* To do:
Produce the listing below again, exactly as shown.

________________

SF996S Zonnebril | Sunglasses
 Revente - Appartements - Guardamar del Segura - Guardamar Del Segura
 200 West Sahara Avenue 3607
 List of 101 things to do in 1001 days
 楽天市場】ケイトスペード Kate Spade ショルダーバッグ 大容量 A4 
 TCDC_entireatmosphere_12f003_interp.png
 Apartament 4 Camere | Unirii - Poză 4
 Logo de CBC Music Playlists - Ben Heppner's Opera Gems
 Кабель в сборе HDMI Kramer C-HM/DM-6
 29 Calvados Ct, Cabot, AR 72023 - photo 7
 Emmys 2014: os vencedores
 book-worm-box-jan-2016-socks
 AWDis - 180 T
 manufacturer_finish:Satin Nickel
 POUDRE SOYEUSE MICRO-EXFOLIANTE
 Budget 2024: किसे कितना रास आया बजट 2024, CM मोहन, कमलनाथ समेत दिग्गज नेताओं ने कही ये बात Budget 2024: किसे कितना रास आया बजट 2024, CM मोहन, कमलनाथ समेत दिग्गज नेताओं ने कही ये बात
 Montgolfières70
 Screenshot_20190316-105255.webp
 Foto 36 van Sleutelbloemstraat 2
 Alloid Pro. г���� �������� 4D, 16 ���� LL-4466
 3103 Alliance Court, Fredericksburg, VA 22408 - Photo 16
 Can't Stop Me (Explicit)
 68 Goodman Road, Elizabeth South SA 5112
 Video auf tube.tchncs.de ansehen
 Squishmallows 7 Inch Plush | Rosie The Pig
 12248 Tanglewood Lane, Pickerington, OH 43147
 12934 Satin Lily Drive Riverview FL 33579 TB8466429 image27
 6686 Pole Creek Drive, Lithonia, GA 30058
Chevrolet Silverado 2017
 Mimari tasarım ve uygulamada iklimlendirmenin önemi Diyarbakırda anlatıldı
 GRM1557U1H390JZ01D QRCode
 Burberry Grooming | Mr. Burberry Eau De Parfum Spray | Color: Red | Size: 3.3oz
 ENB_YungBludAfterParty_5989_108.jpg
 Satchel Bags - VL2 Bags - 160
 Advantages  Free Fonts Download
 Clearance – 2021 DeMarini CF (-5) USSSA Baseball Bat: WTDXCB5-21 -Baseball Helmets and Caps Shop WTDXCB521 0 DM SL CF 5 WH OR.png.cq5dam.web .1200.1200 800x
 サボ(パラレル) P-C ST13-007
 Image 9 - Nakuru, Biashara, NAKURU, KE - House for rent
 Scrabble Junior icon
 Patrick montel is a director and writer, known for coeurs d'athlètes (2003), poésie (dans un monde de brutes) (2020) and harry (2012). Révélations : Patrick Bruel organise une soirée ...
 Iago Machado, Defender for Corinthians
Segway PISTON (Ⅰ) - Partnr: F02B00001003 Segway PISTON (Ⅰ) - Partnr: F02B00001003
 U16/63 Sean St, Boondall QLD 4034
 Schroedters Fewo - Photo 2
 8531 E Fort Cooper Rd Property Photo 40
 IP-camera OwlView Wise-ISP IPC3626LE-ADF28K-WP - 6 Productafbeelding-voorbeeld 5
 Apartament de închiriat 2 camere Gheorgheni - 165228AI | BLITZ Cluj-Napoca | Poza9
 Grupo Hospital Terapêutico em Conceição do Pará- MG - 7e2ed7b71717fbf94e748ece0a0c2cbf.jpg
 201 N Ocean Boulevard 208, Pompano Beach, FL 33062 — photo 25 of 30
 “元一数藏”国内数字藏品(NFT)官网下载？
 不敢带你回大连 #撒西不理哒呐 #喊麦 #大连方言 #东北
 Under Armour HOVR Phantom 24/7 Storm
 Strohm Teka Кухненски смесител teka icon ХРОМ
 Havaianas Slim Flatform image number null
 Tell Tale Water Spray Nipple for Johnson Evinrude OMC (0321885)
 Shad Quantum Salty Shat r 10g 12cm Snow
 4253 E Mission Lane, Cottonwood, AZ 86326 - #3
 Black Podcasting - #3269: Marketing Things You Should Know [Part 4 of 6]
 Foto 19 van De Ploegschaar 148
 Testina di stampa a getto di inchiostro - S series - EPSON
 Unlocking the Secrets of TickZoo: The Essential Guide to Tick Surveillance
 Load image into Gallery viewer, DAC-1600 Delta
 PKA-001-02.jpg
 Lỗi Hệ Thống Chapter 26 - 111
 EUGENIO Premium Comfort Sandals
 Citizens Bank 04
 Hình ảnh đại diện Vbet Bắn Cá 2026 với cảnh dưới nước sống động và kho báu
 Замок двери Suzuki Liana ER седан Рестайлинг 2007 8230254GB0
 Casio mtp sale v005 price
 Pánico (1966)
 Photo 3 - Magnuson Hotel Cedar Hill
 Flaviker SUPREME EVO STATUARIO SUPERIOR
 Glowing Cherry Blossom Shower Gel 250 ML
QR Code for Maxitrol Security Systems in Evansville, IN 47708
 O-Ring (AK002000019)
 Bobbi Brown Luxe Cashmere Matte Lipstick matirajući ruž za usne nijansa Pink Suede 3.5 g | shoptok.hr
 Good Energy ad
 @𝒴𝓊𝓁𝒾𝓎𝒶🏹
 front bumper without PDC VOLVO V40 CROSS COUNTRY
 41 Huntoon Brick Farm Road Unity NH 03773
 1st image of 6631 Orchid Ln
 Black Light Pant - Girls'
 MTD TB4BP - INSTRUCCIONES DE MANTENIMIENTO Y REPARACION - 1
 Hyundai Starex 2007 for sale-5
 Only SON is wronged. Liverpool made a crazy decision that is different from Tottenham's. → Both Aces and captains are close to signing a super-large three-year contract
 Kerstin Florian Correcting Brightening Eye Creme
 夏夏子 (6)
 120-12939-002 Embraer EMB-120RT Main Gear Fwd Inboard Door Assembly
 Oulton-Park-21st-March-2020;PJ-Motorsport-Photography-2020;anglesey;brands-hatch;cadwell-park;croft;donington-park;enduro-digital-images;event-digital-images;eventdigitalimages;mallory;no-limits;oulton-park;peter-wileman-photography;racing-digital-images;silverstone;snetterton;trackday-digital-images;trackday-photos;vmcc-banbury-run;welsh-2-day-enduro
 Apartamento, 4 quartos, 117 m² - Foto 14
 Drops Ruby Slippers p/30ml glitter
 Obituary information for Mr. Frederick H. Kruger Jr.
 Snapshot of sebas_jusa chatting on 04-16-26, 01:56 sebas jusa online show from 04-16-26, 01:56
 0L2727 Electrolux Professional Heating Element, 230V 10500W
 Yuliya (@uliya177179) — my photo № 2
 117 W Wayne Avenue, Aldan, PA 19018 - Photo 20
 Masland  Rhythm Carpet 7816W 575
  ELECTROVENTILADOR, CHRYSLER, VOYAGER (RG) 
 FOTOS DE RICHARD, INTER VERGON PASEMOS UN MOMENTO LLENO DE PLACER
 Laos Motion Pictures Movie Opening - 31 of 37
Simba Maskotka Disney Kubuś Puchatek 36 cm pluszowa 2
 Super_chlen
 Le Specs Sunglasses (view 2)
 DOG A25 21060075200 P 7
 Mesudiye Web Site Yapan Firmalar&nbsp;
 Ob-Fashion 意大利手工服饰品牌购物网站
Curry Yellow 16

________________

* Answer to the exercise:
SF996S Zonnebril | Sunglasses
 Revente - Appartements - Guardamar del Segura - Guardamar Del Segura
 200 West Sahara Avenue 3607
 List of 101 things to do in 1001 days
 楽天市場】ケイトスペード Kate Spade ショルダーバッグ 大容量 A4 
 TCDC_entireatmosphere_12f003_interp.png
 Apartament 4 Camere | Unirii - Poză 4
 Logo de CBC Music Playlists - Ben Heppner's Opera Gems
 Кабель в сборе HDMI Kramer C-HM/DM-6
 29 Calvados Ct, Cabot, AR 72023 - photo 7
 Emmys 2014: os vencedores
 book-worm-box-jan-2016-socks
 AWDis - 180 T
 manufacturer_finish:Satin Nickel
 POUDRE SOYEUSE MICRO-EXFOLIANTE
 Budget 2024: किसे कितना रास आया बजट 2024, CM मोहन, कमलनाथ समेत दिग्गज नेताओं ने कही ये बात Budget 2024: किसे कितना रास आया बजट 2024, CM मोहन, कमलनाथ समेत दिग्गज नेताओं ने कही ये बात
 Montgolfières70
 Screenshot_20190316-105255.webp
 Foto 36 van Sleutelbloemstraat 2
 Alloid Pro. г���� �������� 4D, 16 ���� LL-4466
 3103 Alliance Court, Fredericksburg, VA 22408 - Photo 16
 Can't Stop Me (Explicit)
 68 Goodman Road, Elizabeth South SA 5112
 Video auf tube.tchncs.de ansehen
 Squishmallows 7 Inch Plush | Rosie The Pig
 12248 Tanglewood Lane, Pickerington, OH 43147
 12934 Satin Lily Drive Riverview FL 33579 TB8466429 image27
 6686 Pole Creek Drive, Lithonia, GA 30058
Chevrolet Silverado 2017
 Mimari tasarım ve uygulamada iklimlendirmenin önemi Diyarbakırda anlatıldı
 GRM1557U1H390JZ01D QRCode
 Burberry Grooming | Mr. Burberry Eau De Parfum Spray | Color: Red | Size: 3.3oz
 ENB_YungBludAfterParty_5989_108.jpg
 Satchel Bags - VL2 Bags - 160
 Advantages  Free Fonts Download
 Clearance – 2021 DeMarini CF (-5) USSSA Baseball Bat: WTDXCB5-21 -Baseball Helmets and Caps Shop WTDXCB521 0 DM SL CF 5 WH OR.png.cq5dam.web .1200.1200 800x
 サボ(パラレル) P-C ST13-007
 Image 9 - Nakuru, Biashara, NAKURU, KE - House for rent
 Scrabble Junior icon
 Patrick montel is a director and writer, known for coeurs d'athlètes (2003), poésie (dans un monde de brutes) (2020) and harry (2012). Révélations : Patrick Bruel organise une soirée ...
 Iago Machado, Defender for Corinthians
Segway PISTON (Ⅰ) - Partnr: F02B00001003 Segway PISTON (Ⅰ) - Partnr: F02B00001003
 U16/63 Sean St, Boondall QLD 4034
 Schroedters Fewo - Photo 2
 8531 E Fort Cooper Rd Property Photo 40
 IP-camera OwlView Wise-ISP IPC3626LE-ADF28K-WP - 6 Productafbeelding-voorbeeld 5
 Apartament de închiriat 2 camere Gheorgheni - 165228AI | BLITZ Cluj-Napoca | Poza9
 Grupo Hospital Terapêutico em Conceição do Pará- MG - 7e2ed7b71717fbf94e748ece0a0c2cbf.jpg
 201 N Ocean Boulevard 208, Pompano Beach, FL 33062 — photo 25 of 30
 “元一数藏”国内数字藏品(NFT)官网下载？
 不敢带你回大连 #撒西不理哒呐 #喊麦 #大连方言 #东北
 Under Armour HOVR Phantom 24/7 Storm
 Strohm Teka Кухненски смесител teka icon ХРОМ
 Havaianas Slim Flatform image number null
 Tell Tale Water Spray Nipple for Johnson Evinrude OMC (0321885)
 Shad Quantum Salty Shat r 10g 12cm Snow
 4253 E Mission Lane, Cottonwood, AZ 86326 - #3
 Black Podcasting - #3269: Marketing Things You Should Know [Part 4 of 6]
 Foto 19 van De Ploegschaar 148
 Testina di stampa a getto di inchiostro - S series - EPSON
 Unlocking the Secrets of TickZoo: The Essential Guide to Tick Surveillance
 Load image into Gallery viewer, DAC-1600 Delta
 PKA-001-02.jpg
 Lỗi Hệ Thống Chapter 26 - 111
 EUGENIO Premium Comfort Sandals
 Citizens Bank 04
 Hình ảnh đại diện Vbet Bắn Cá 2026 với cảnh dưới nước sống động và kho báu
 Замок двери Suzuki Liana ER седан Рестайлинг 2007 8230254GB0
 Casio mtp sale v005 price
 Pánico (1966)
 Photo 3 - Magnuson Hotel Cedar Hill
 Flaviker SUPREME EVO STATUARIO SUPERIOR
 Glowing Cherry Blossom Shower Gel 250 ML
QR Code for Maxitrol Security Systems in Evansville, IN 47708
 O-Ring (AK002000019)
 Bobbi Brown Luxe Cashmere Matte Lipstick matirajući ruž za usne nijansa Pink Suede 3.5 g | shoptok.hr
 Good Energy ad
 @𝒴𝓊𝓁𝒾𝓎𝒶🏹
 front bumper without PDC VOLVO V40 CROSS COUNTRY
 41 Huntoon Brick Farm Road Unity NH 03773
 1st image of 6631 Orchid Ln
 Black Light Pant - Girls'
 MTD TB4BP - INSTRUCCIONES DE MANTENIMIENTO Y REPARACION - 1
 Hyundai Starex 2007 for sale-5
 Only SON is wronged. Liverpool made a crazy decision that is different from Tottenham's. → Both Aces and captains are close to signing a super-large three-year contract
 Kerstin Florian Correcting Brightening Eye Creme
 夏夏子 (6)
 120-12939-002 Embraer EMB-120RT Main Gear Fwd Inboard Door Assembly
 Oulton-Park-21st-March-2020;PJ-Motorsport-Photography-2020;anglesey;brands-hatch;cadwell-park;croft;donington-park;enduro-digital-images;event-digital-images;eventdigitalimages;mallory;no-limits;oulton-park;peter-wileman-photography;racing-digital-images;silverstone;snetterton;trackday-digital-images;trackday-photos;vmcc-banbury-run;welsh-2-day-enduro
 Apartamento, 4 quartos, 117 m² - Foto 14
 Drops Ruby Slippers p/30ml glitter
 Obituary information for Mr. Frederick H. Kruger Jr.
 Snapshot of sebas_jusa chatting on 04-16-26, 01:56 sebas jusa online show from 04-16-26, 01:56
 0L2727 Electrolux Professional Heating Element, 230V 10500W
 Yuliya (@uliya177179) — my photo № 2
 117 W Wayne Avenue, Aldan, PA 19018 - Photo 20
 Masland  Rhythm Carpet 7816W 575
  ELECTROVENTILADOR, CHRYSLER, VOYAGER (RG) 
 FOTOS DE RICHARD, INTER VERGON PASEMOS UN MOMENTO LLENO DE PLACER
 Laos Motion Pictures Movie Opening - 31 of 37
Simba Maskotka Disney Kubuś Puchatek 36 cm pluszowa 2
 Super_chlen
 Le Specs Sunglasses (view 2)
 DOG A25 21060075200 P 7
 Mesudiye Web Site Yapan Firmalar&nbsp;
 Ob-Fashion 意大利手工服饰品牌购物网站
Curry Yellow 16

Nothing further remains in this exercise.